Bennett’s American origins explain, according to Elituv, what the chareidi community can expect from a Lapid-Bennett partnership. The question keeping chareidi leaders up at night is how badly both yeshivos and the country’s religious status quo will be damaged this time around.

“Naftali Bennett’s dati outlook stems from an emotional attachment to Israel, not the mesorati traditionalism that is normal in Israel,” he says. “But at the same time, both Bennett and Lapid have learned their lesson not to go to war with the chareidim. If their government manages to pass legislation, there will be compromises on conversion and the draft law that the chareidi community can live with, and not much more.”

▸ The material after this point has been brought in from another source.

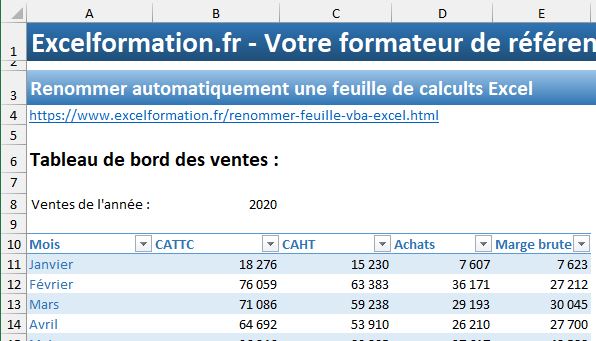 Excel formation - renommer feuille - 05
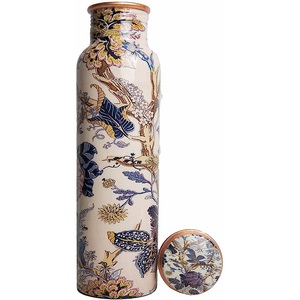 ขวดน้ำทำจากทองแดงทาสีด้วยมืออุปกรณ์เสริมใน2023ขวดน้ำดื่มขวดปิกนิกเพื่อนสิ่งแวดล้อม - Product Image 5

For many in the chareidi leadership — and indeed across vast swathes of the national-religious right outraged by Bennett’s leftward lurch — that assessment is far too sanguine. The Lapid-Bennett second act is nothing short of a betrayal of all that the former Jewish Home party leader stood for.

“When you cut away all the noise,” says Yossi Elituv, “this strange left-right coalition won’t be able to do anything, except perhaps get Israel back into the routine of government — passing budgets, getting ministries to work. We haven’t had a normal government for almost three years. Naftali is a manager. He’s able to get things done. Unlike Bibi, he’s no visionary, intellectual, or charismatic leader. But maybe in the situation Israel finds itself today,” he muses, “the country doesn’t need a visionary. Maybe all it needs is a manager.”

Whether or not the Lapid-Bennett leopard has indeed changed its spots, Naftali Bennett at a youthful 49 years old looks like a Sabra Comeback Kid, poised on the edge of power. It’s a stunning turnaround for a man who always aimed high, but found himself at a nadir two years ago.